>>

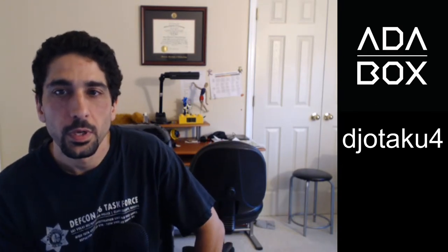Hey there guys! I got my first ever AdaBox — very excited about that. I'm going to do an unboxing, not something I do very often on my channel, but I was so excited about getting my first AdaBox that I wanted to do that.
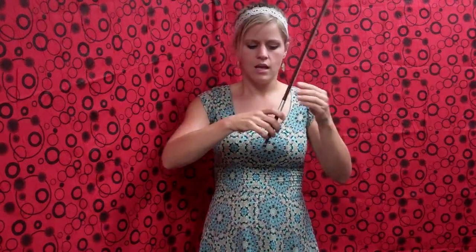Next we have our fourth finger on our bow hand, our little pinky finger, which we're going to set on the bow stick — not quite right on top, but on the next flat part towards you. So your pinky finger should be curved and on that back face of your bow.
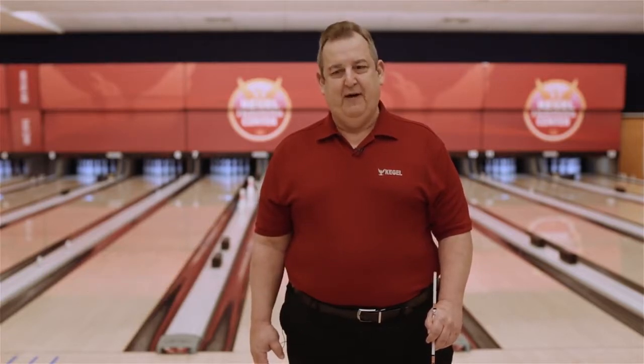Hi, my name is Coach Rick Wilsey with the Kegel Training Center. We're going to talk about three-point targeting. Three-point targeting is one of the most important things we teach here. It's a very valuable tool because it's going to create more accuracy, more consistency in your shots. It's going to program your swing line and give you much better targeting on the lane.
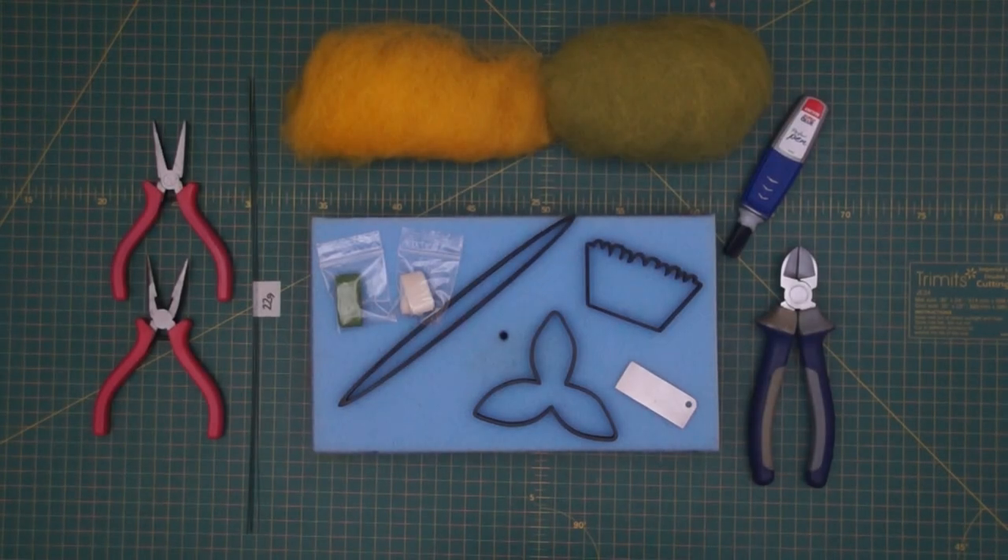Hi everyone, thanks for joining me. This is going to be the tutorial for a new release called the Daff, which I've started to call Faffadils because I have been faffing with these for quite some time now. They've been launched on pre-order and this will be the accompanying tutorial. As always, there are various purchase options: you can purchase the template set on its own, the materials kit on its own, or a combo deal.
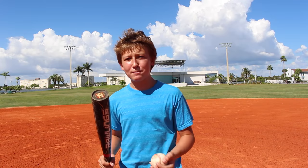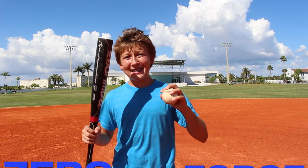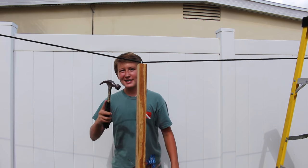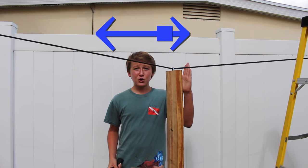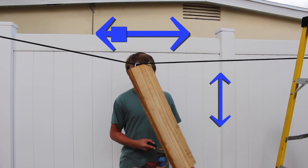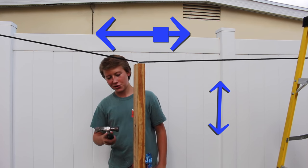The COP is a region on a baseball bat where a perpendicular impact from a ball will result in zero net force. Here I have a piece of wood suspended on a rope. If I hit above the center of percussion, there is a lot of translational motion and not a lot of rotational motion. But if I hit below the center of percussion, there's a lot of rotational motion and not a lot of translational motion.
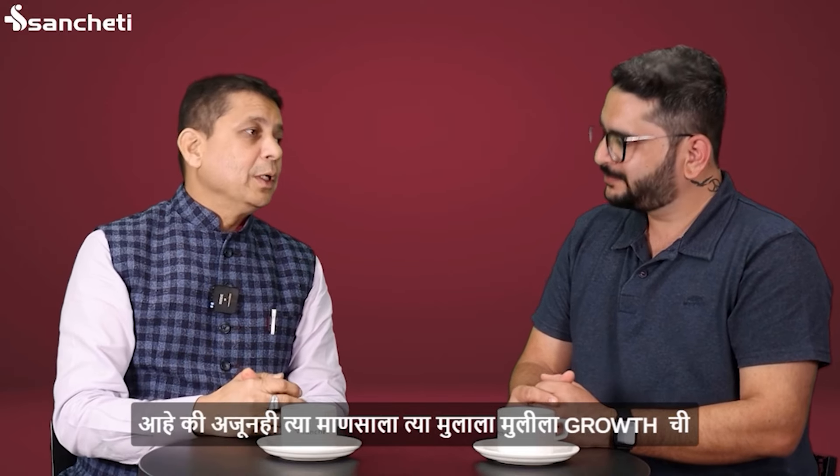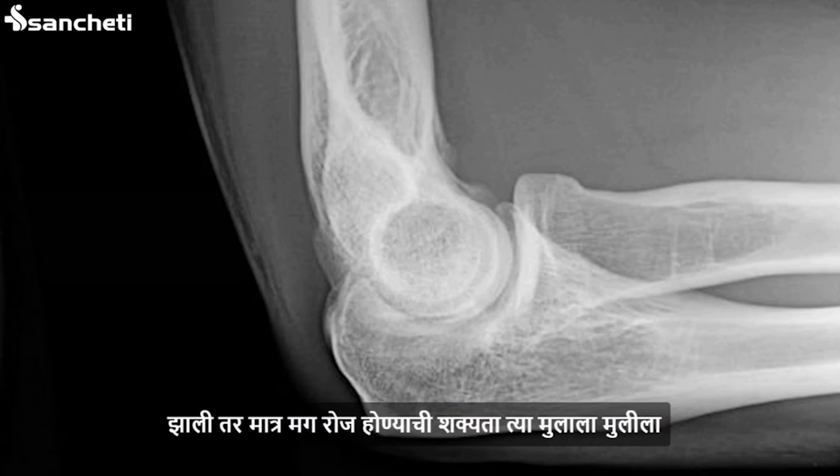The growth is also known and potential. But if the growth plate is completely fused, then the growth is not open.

<<
>>

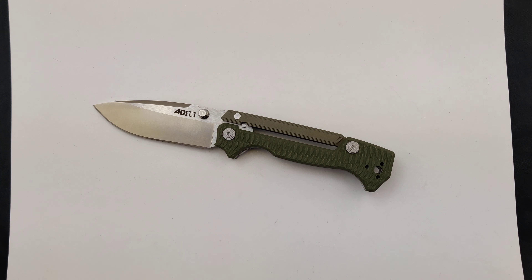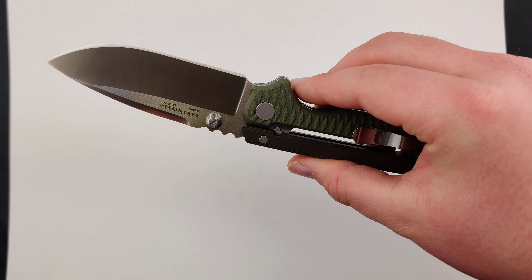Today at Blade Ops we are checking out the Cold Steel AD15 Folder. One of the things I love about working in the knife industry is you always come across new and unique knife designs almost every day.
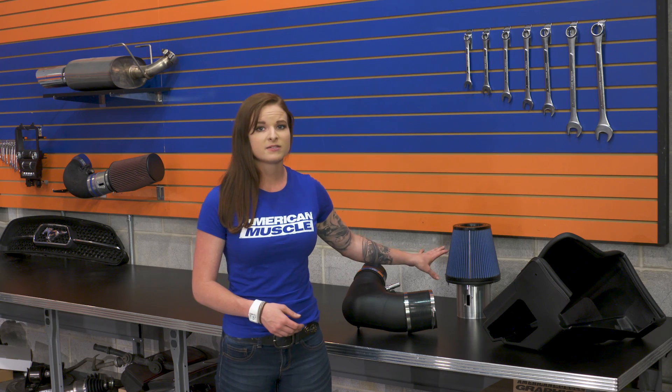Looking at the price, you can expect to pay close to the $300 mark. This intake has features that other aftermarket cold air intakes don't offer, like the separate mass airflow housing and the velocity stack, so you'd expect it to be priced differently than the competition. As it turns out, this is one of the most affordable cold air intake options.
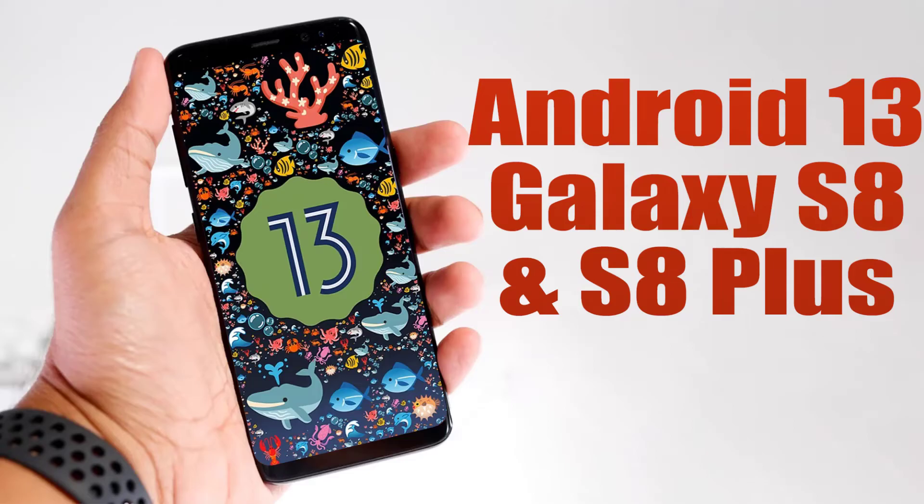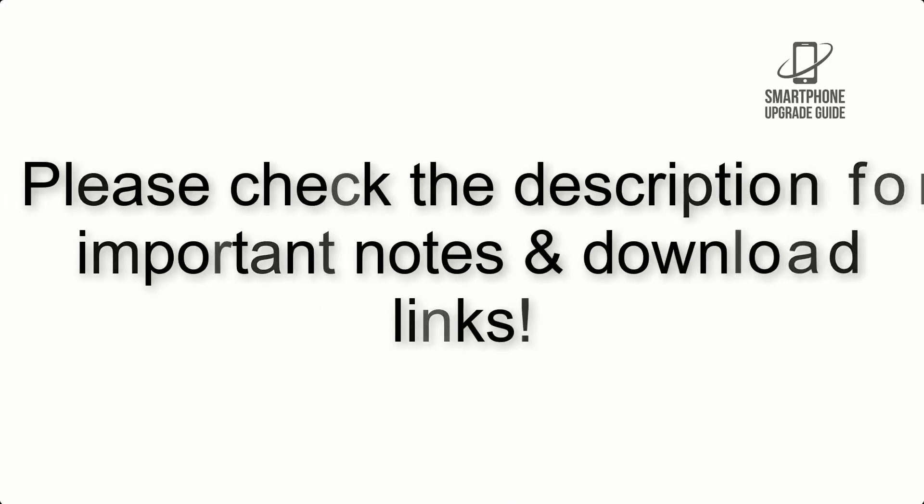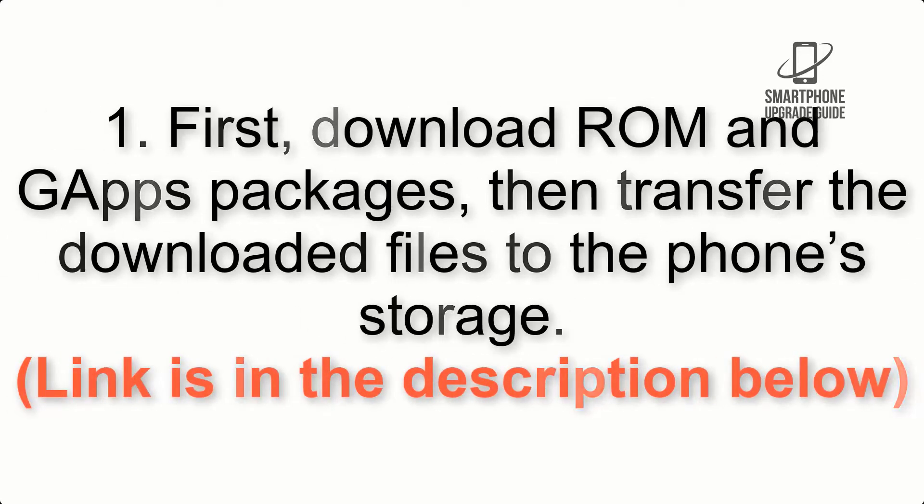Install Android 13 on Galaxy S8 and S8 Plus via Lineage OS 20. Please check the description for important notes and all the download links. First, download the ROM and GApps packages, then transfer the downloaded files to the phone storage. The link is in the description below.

<<
>>

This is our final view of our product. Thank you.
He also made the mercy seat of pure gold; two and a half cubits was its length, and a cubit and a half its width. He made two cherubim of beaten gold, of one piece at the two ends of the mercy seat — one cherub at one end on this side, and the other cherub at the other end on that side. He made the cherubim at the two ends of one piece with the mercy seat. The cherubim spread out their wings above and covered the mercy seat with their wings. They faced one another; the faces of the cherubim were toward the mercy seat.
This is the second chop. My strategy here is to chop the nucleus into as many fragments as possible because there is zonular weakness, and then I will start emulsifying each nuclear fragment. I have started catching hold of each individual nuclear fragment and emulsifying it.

<<

[WHAT TO DO] In the data above, take the line with "Hey there guys!", the line with "Hi, my name", and every line between, and set them down exactly without pictures.

[WRITTEN RESPONSE]
Hey there guys! I got my first ever AdaBox — very excited about that. I'm going to do an unboxing, not something I do very often on my channel, but I was so excited about getting my first AdaBox that I wanted to do that.
Next we have our fourth finger on our bow hand, our little pinky finger, which we're going to set on the bow stick — not quite right on top, but on the next flat part towards you. So your pinky finger should be curved and on that back face of your bow.
Hi, my name is Coach Rick Wilsey with the Kegel Training Center. We're going to talk about three-point targeting. Three-point targeting is one of the most important things we teach here. It's a very valuable tool because it's going to create more accuracy, more consistency in your shots. It's going to program your swing line and give you much better targeting on the lane.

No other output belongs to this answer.